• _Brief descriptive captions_
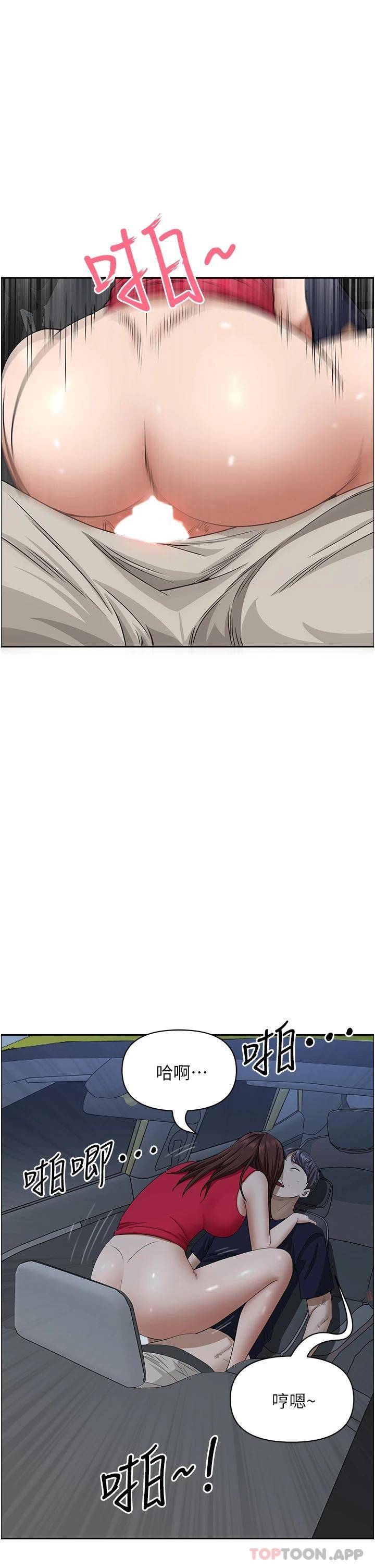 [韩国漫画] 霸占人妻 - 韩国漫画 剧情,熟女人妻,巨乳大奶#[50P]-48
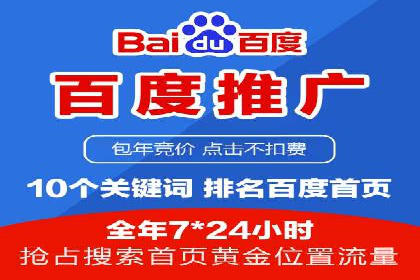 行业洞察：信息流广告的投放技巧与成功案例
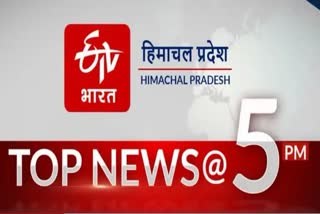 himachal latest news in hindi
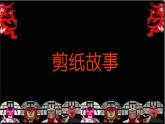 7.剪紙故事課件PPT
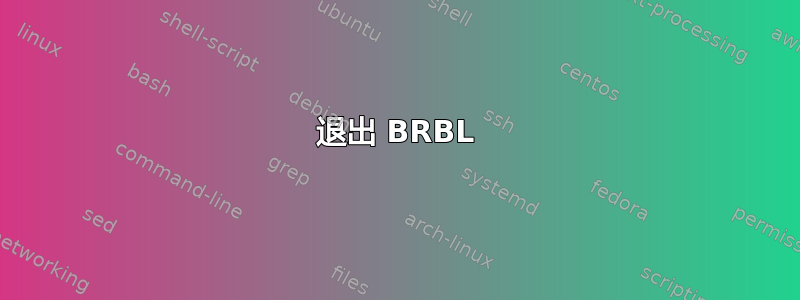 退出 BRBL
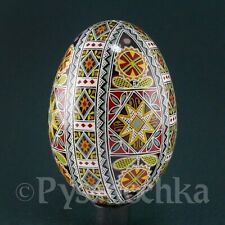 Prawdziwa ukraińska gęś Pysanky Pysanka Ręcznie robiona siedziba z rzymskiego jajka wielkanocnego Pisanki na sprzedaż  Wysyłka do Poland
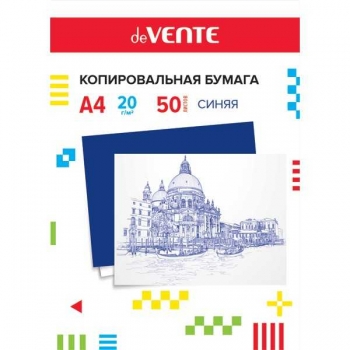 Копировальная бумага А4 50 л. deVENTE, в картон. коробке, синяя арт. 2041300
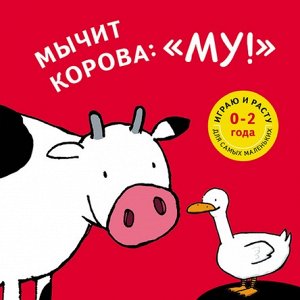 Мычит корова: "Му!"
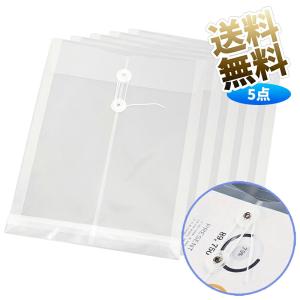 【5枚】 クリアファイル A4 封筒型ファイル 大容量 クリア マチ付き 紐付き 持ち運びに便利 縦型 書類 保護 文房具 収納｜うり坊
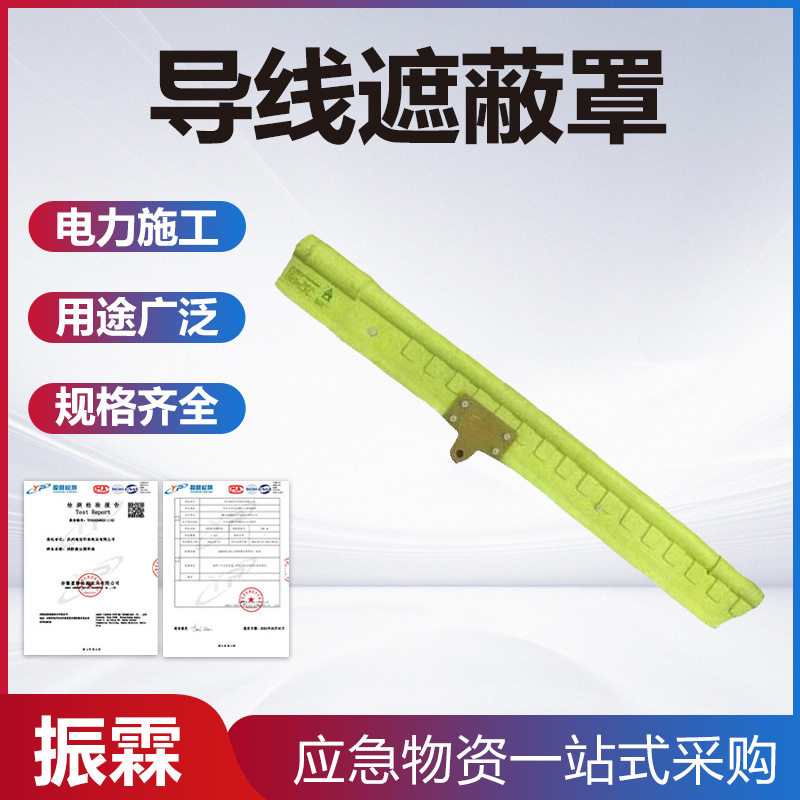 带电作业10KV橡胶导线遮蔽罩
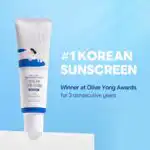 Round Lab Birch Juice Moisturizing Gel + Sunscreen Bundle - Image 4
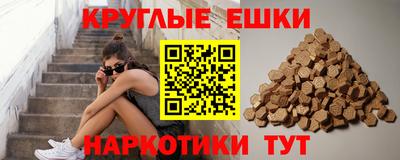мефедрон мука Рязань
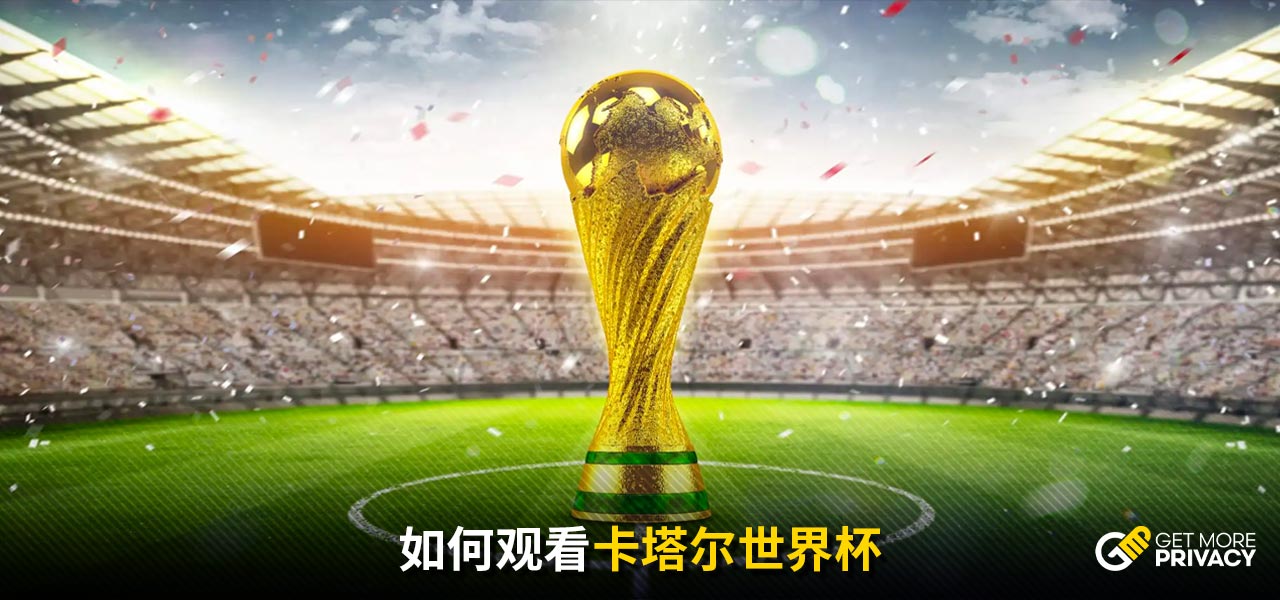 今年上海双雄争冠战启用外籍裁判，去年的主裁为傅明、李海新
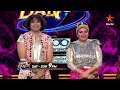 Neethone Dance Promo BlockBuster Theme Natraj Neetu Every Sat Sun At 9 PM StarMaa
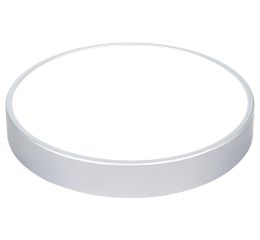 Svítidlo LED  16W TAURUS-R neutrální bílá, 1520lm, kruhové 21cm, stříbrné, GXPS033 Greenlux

• _Exercise instructions_
Word for word, return the entries above, but without any pictures.

• _Completed task_
 [韩国漫画] 霸占人妻 - 韩国漫画 剧情,熟女人妻,巨乳大奶#[50P]-48
 行业洞察：信息流广告的投放技巧与成功案例
 himachal latest news in hindi
 7.剪紙故事課件PPT
 退出 BRBL
 Prawdziwa ukraińska gęś Pysanky Pysanka Ręcznie robiona siedziba z rzymskiego jajka wielkanocnego Pisanki na sprzedaż  Wysyłka do Poland
 Копировальная бумага А4 50 л. deVENTE, в картон. коробке, синяя арт. 2041300
 Мычит корова: "Му!"
 【5枚】 クリアファイル A4 封筒型ファイル 大容量 クリア マチ付き 紐付き 持ち運びに便利 縦型 書類 保護 文房具 収納｜うり坊
 带电作业10KV橡胶导线遮蔽罩
 Round Lab Birch Juice Moisturizing Gel + Sunscreen Bundle - Image 4
мефедрон мука Рязань
 今年上海双雄争冠战启用外籍裁判，去年的主裁为傅明、李海新
 Neethone Dance Promo BlockBuster Theme Natraj Neetu Every Sat Sun At 9 PM StarMaa
 Svítidlo LED  16W TAURUS-R neutrální bílá, 1520lm, kruhové 21cm, stříbrné, GXPS033 Greenlux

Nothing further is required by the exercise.